Caption-style text data:
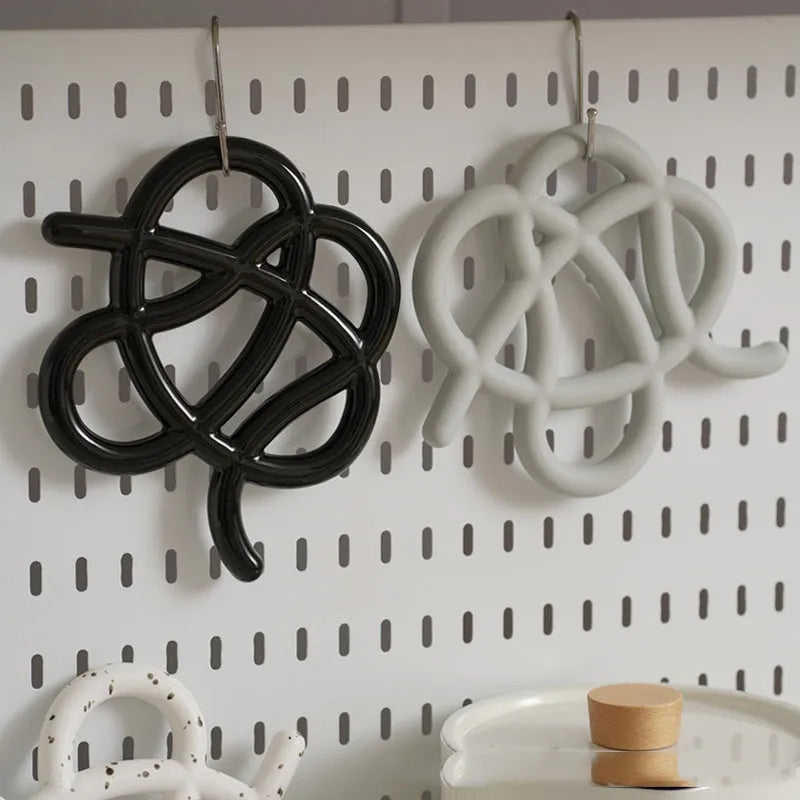 Ceramic heat proof mat with irregular modern shape in bright black, splash ink, or coconut milk grey colour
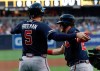 Atlanta Braves' Josh Donaldson, right, is greeted by teammate Freddie Freeman (5) after hitting a three-run home run during the first inning of a baseball game against the San Diego Padres, Friday, July 12, 2019, in San Diego. (AP Photo/Gregory Bull)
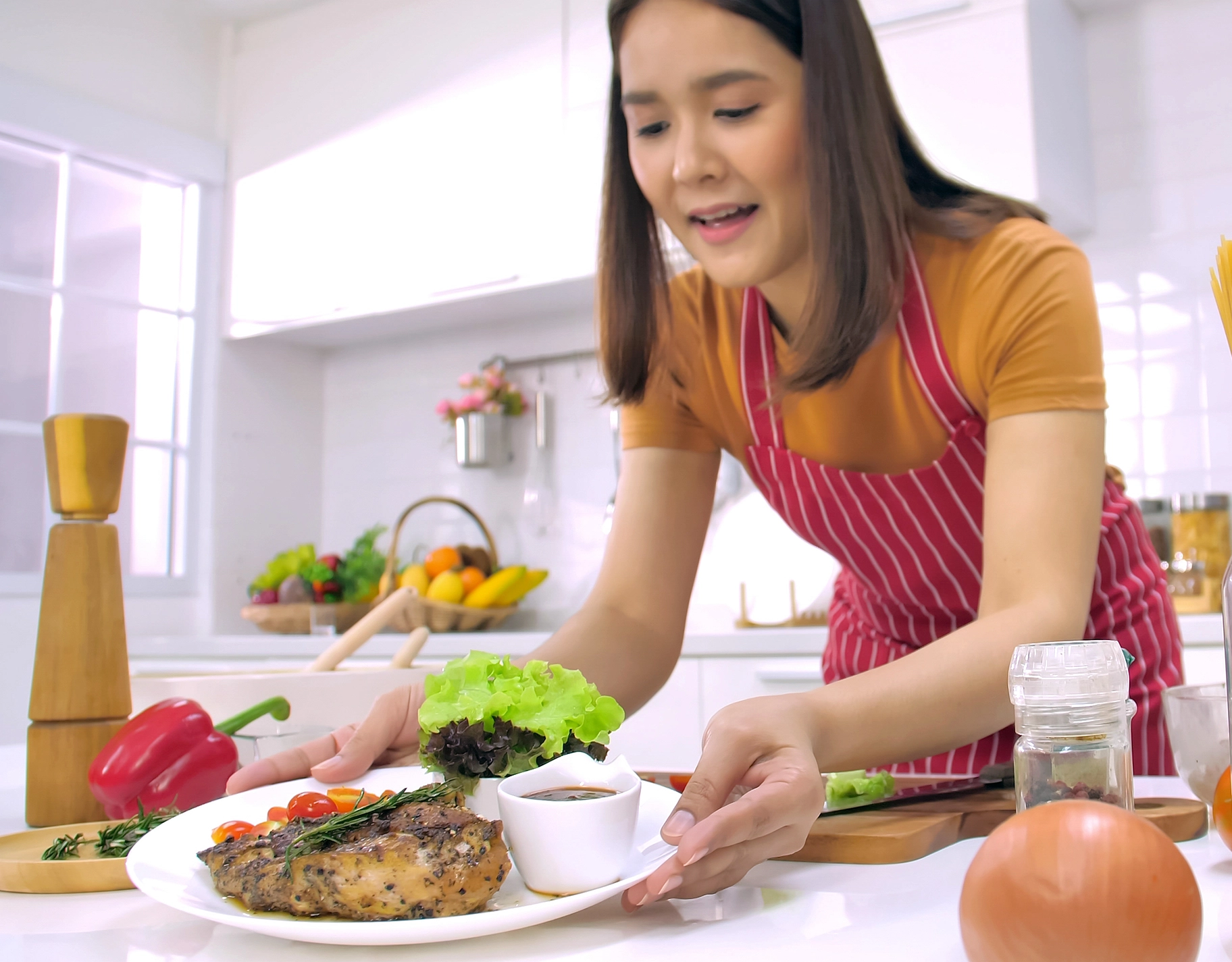 Woman in a red-striped apron garnishes a plate of steak with greens in a bright kitchen.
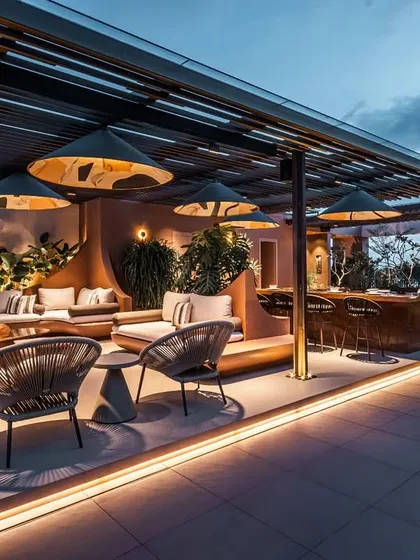 A wide evening shot capturing the full ambiance of the illuminated terrace. The lighting design accentuates the architectural forms and lush plantings, creating a dramatic and magical nighttime environment.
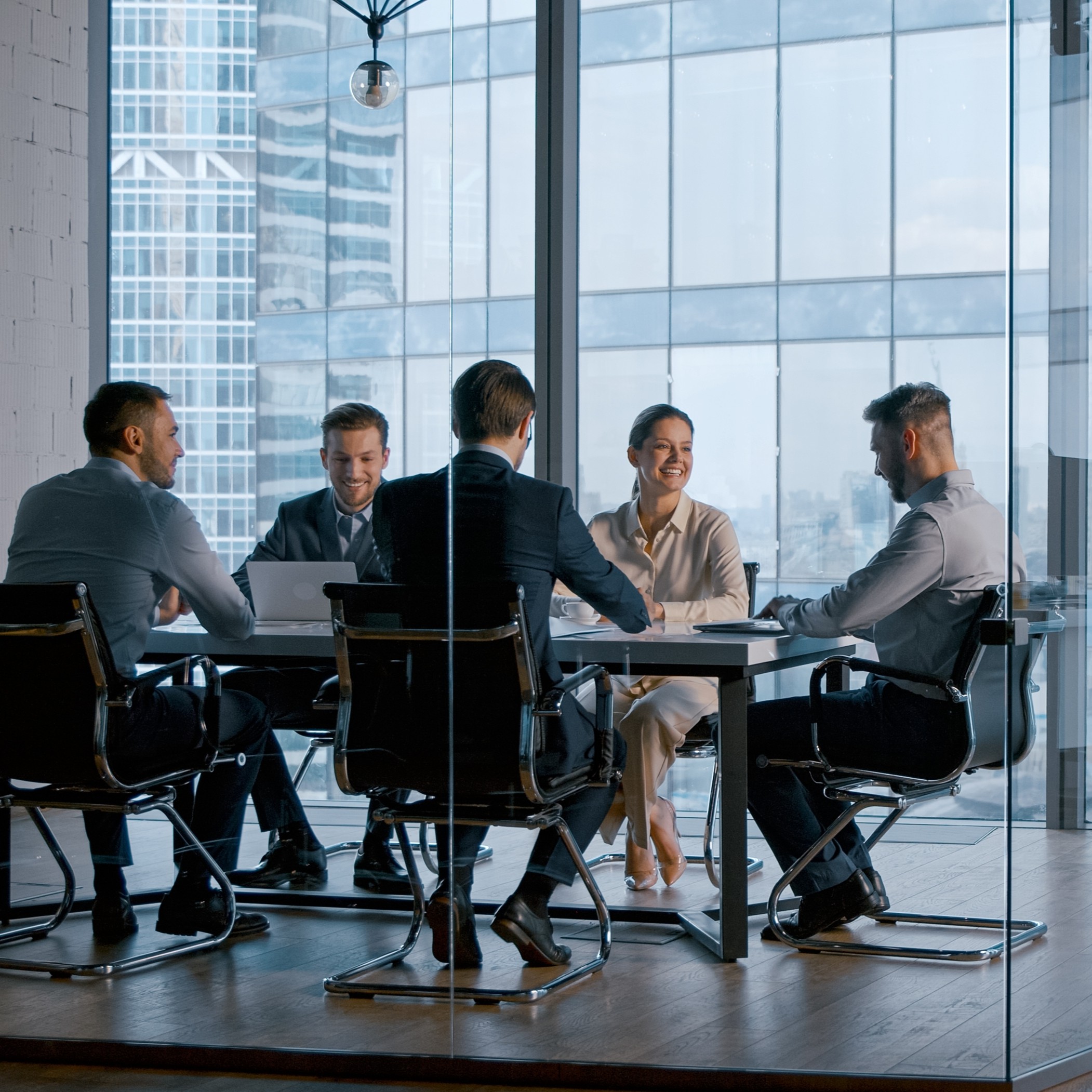 Odgers - A group of people sat around a table in a office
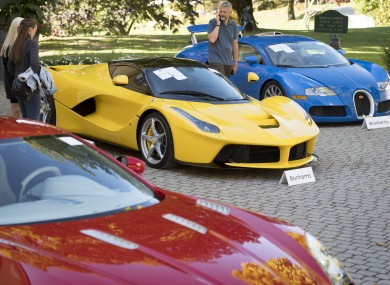 People looking at a Ferrari LaFerrari at the auction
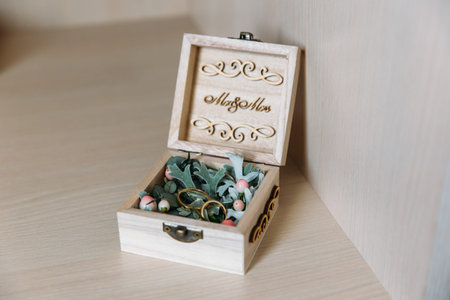 A close-up of the gold rings lie in a jewelry box adorned with hvoy branches, engraved with Mr. and...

_THE PROBLEM_. Repeat each entry exactly. Pictures do not belong in the copy.

_ANSWER SPACE_.
 Ceramic heat proof mat with irregular modern shape in bright black, splash ink, or coconut milk grey colour
 Atlanta Braves' Josh Donaldson, right, is greeted by teammate Freddie Freeman (5) after hitting a three-run home run during the first inning of a baseball game against the San Diego Padres, Friday, July 12, 2019, in San Diego. (AP Photo/Gregory Bull)
 Woman in a red-striped apron garnishes a plate of steak with greens in a bright kitchen.
 A wide evening shot capturing the full ambiance of the illuminated terrace. The lighting design accentuates the architectural forms and lush plantings, creating a dramatic and magical nighttime environment.
 Odgers - A group of people sat around a table in a office
 People looking at a Ferrari LaFerrari at the auction
 A close-up of the gold rings lie in a jewelry box adorned with hvoy branches, engraved with Mr. and...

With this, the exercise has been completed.